#### GIVEN RECORDS ####

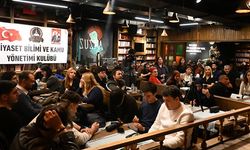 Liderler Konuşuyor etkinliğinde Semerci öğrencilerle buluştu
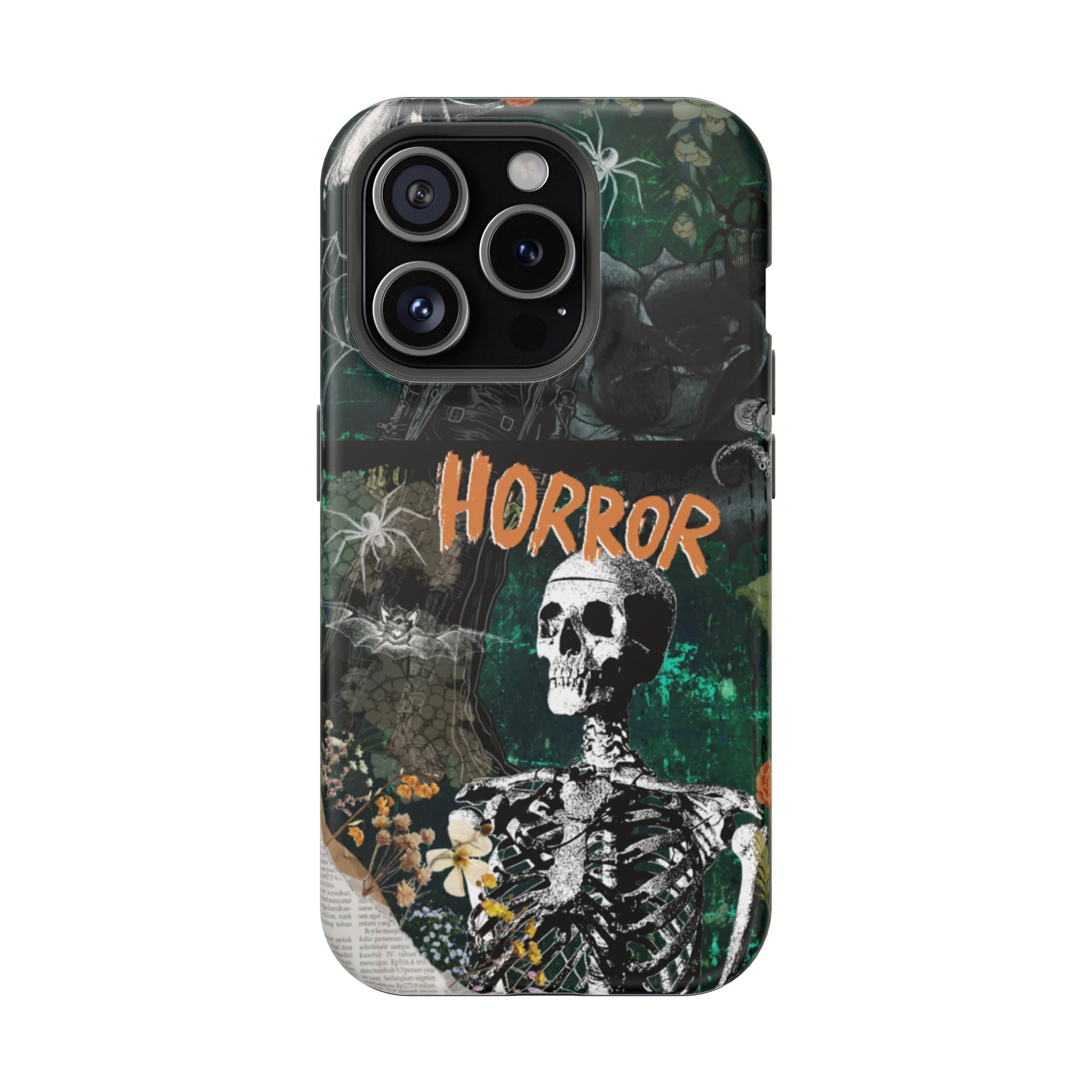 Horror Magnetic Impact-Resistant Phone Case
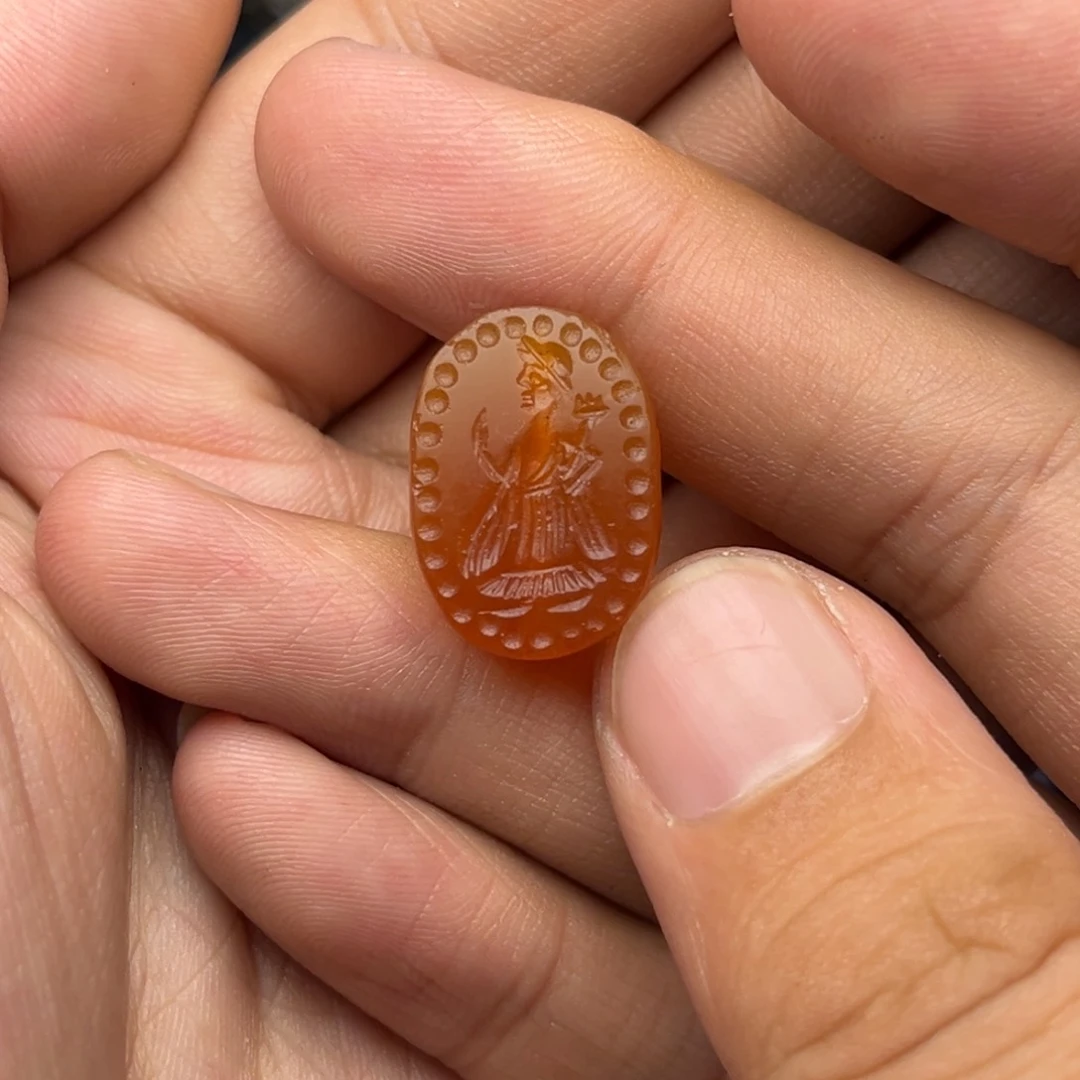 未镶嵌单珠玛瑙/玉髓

####
#### GIVEN RECORDS ####

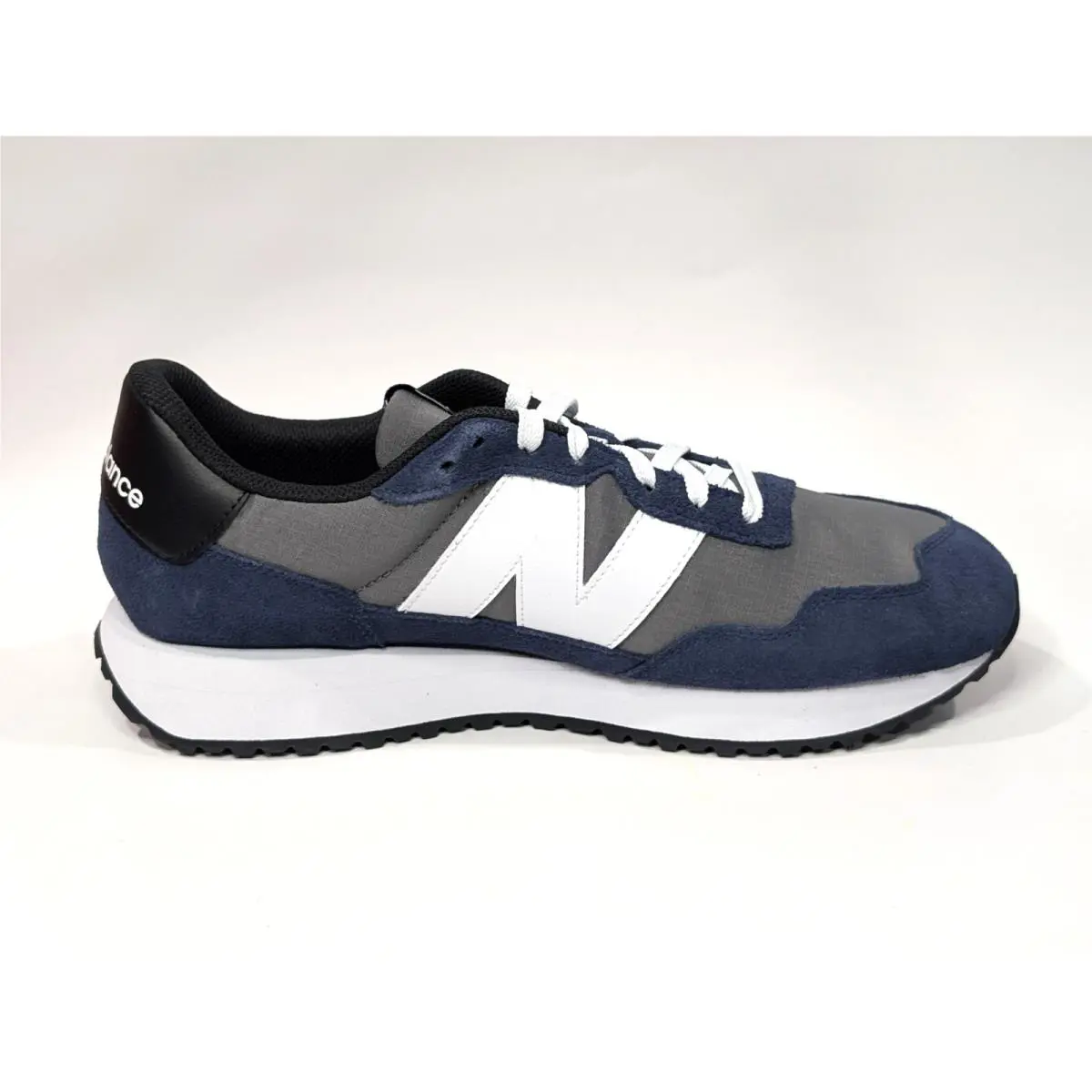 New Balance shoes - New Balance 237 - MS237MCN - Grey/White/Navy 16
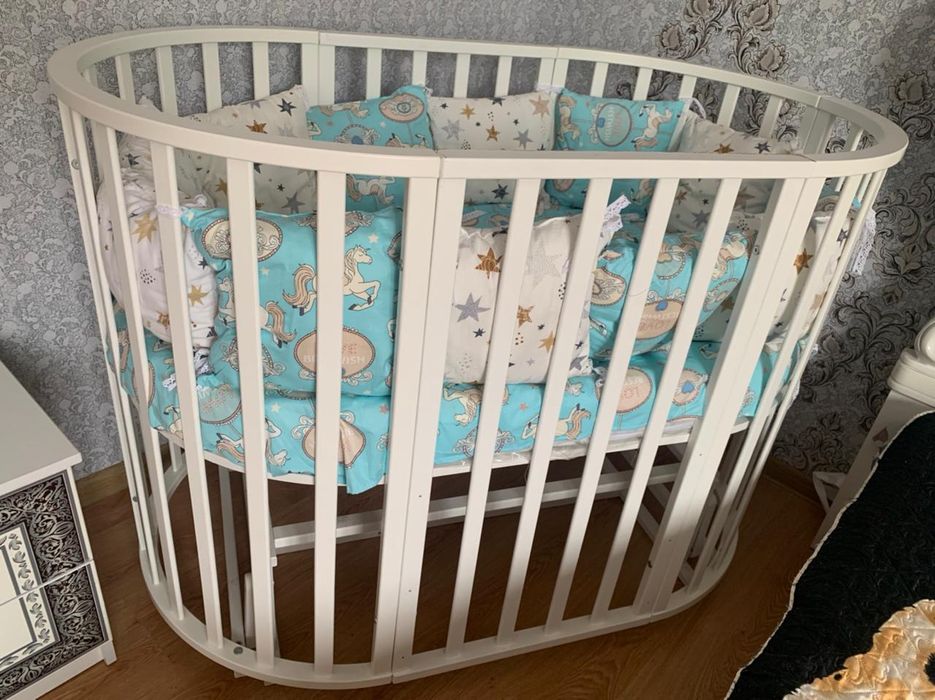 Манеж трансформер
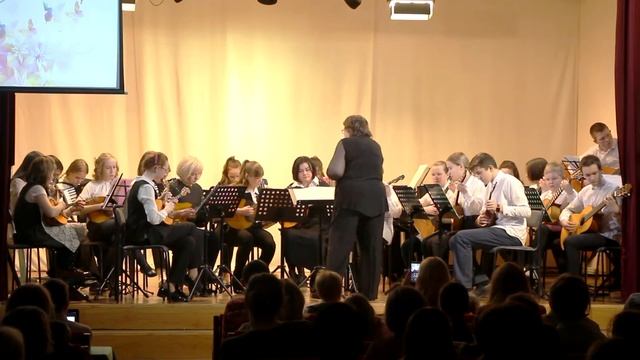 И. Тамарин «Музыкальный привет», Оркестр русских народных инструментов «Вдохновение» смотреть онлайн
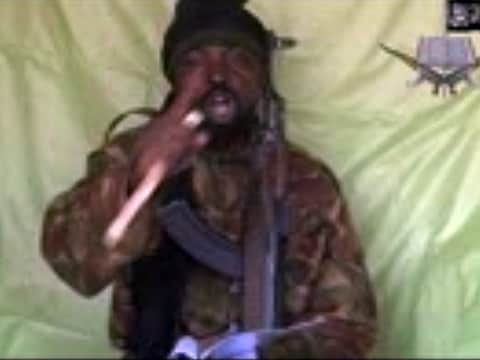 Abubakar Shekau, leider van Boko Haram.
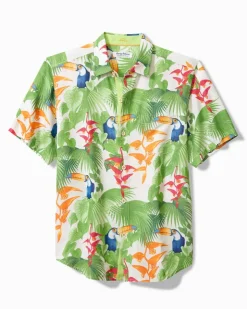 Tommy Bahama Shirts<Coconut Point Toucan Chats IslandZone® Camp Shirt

####

Your answer should be the lines above, word for word, from the line with "Манеж трансформер" through the line with "Tommy Bahama Shirts<Coconut", minus the pictures.

__YOUR RESPONSE__.
 Манеж трансформер
 И. Тамарин «Музыкальный привет», Оркестр русских народных инструментов «Вдохновение» смотреть онлайн
 Abubakar Shekau, leider van Boko Haram.
 Tommy Bahama Shirts<Coconut Point Toucan Chats IslandZone® Camp Shirt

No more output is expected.